Ghana to host WHO Retreat

Accra, Nov. 17, GNA - Ghana would on Wednesday host a three-day World Health Organisation (WHO) Executive Board Retreat, the first to be held in Africa and outside Geneva since its establishment in 1948 to discuss health issues confronting the world.

The Director-General of WHO, Dr Jong-Wook LEE, some directors from the WHO Headquarters; six Regional Directors and Representatives of countries that constitute the 32-member Executive Board.

Dr Kwaku Afriyie, Minister of Health, announced this on Monday when briefing the media on the retreat in Accra.

Dr Afriyie, who is also the Chairman of the Executive Board, said Ghana was not chosen because he chairs the Board but because of Ghana's peculiar attention to health issues in the West Africa Sub-Region, "that technically, qualifies us to host the retreat", he said.

Topics to be discussed would include brain drain and the fight against HIV/AIDS.

The Health Minister noted that WHO had engaged all partners in dialogue on WHO Regional and Global Strategies on Health that used its comparative advantage as an international agency with a global health mandate on global strategies on health.

He said a major challenge facing Ghana's health sector was migration of health workers that had adversely affected the economy "in the sense that the funds used to train these professionals are lost as workers abandon their posts for greener pastures".

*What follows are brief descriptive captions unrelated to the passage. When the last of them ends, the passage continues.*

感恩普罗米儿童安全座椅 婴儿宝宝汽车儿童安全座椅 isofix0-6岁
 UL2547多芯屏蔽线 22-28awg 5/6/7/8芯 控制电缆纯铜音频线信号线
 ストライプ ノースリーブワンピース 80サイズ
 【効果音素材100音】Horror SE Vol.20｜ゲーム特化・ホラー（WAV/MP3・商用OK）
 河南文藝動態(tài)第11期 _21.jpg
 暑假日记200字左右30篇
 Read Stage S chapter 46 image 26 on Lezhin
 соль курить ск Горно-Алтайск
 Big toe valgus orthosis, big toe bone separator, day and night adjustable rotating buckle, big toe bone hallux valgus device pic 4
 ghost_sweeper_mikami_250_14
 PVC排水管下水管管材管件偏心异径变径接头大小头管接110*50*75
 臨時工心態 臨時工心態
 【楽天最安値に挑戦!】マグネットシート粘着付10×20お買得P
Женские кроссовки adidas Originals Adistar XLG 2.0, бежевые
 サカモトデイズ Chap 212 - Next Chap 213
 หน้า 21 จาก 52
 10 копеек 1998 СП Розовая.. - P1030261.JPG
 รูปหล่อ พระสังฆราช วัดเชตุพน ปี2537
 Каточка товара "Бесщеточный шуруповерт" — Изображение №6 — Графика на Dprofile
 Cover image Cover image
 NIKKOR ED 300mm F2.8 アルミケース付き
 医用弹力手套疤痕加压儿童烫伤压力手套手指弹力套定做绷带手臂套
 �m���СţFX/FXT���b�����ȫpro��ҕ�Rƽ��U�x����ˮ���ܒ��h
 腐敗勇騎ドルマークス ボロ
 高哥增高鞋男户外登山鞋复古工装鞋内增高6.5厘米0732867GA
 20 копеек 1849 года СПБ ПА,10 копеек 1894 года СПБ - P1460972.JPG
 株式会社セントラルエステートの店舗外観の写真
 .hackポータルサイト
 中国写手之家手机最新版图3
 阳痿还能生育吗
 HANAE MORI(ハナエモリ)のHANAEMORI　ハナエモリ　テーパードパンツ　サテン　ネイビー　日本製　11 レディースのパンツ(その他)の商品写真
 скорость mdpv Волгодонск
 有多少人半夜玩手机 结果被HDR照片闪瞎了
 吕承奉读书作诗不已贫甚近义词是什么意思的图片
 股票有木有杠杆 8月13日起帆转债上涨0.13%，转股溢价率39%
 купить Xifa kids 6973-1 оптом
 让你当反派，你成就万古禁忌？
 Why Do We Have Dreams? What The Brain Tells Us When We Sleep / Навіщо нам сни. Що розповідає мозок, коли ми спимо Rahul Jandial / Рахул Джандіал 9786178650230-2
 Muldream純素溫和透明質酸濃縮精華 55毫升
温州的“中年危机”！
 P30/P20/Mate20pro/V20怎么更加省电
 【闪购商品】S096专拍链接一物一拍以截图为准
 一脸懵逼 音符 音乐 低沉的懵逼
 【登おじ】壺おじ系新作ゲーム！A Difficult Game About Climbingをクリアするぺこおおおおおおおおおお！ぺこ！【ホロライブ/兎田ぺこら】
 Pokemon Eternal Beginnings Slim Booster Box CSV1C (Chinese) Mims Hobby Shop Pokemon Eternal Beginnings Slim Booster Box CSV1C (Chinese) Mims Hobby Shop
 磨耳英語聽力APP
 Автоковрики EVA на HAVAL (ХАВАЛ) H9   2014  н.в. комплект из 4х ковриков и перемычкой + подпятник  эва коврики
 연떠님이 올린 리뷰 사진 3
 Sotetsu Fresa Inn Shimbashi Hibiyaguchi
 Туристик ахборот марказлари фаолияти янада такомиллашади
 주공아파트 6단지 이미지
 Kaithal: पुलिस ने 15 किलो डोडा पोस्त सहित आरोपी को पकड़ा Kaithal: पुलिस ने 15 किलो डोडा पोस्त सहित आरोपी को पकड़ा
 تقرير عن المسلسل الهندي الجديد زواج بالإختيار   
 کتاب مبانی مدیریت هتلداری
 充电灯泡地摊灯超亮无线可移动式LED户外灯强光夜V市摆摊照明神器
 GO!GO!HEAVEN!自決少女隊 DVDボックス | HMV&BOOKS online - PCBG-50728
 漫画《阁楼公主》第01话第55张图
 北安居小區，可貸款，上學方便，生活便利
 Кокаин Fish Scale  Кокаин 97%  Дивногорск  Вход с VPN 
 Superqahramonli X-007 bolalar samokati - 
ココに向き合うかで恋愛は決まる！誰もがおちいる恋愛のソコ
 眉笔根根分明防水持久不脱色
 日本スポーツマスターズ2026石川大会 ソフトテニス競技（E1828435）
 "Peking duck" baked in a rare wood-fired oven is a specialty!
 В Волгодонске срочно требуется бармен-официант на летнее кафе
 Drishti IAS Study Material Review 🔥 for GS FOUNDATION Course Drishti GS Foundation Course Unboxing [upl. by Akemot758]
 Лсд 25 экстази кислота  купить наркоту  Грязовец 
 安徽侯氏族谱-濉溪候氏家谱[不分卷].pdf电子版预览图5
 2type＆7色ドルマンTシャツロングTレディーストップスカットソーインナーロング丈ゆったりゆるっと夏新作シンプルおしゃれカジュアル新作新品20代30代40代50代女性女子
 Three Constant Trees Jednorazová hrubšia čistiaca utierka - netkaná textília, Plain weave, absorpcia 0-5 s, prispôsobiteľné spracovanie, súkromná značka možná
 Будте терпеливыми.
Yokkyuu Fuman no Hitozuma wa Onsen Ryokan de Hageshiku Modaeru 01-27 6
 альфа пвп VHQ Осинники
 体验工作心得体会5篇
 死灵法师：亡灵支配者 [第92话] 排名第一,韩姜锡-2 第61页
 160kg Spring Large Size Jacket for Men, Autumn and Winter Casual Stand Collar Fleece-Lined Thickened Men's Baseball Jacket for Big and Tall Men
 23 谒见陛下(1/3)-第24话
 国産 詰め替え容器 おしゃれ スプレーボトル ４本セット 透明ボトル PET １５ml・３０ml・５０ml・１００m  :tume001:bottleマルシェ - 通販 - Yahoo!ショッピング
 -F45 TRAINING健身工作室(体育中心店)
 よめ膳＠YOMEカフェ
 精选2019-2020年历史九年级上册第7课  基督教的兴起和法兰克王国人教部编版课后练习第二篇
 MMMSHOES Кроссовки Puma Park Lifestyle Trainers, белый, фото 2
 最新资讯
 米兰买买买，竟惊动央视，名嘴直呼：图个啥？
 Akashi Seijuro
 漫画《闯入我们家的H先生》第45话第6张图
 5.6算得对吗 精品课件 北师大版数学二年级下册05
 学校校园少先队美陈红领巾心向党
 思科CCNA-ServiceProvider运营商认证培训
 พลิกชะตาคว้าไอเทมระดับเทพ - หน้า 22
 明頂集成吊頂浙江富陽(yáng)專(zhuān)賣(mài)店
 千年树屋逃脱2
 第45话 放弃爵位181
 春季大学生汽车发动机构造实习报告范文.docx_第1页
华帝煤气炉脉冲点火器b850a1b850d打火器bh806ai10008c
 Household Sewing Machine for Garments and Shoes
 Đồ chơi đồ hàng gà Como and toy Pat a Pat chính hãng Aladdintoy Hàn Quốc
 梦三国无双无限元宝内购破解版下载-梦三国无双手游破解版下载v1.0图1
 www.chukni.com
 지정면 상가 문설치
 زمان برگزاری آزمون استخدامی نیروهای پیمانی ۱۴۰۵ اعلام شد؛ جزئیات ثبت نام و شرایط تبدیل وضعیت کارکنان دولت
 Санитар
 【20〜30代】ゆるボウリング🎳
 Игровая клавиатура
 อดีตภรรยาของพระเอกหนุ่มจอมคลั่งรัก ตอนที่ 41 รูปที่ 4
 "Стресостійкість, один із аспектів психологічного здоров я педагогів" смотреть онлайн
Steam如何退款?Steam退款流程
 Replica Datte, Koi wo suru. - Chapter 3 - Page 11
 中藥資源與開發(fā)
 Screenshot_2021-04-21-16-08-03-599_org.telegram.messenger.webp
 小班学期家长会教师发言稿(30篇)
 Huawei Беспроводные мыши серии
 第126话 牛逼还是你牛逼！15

Dr Afriyie explained that the policy direction of the Ministry was to train more professionals to minimize the problem by providing them with incentives like housing and promote the private sector in all facets of Ghana's development.

Dr Melville George, WHO Representative in Ghana, said Ghana had benefited immensely from the Global fund, which was set up as a financial instrument complementary to existing programmes, to address issues like HIV/AIDS, malaria and tuberculosis.

He commended the Government and the health sector for the prompt attention in addressing health issues.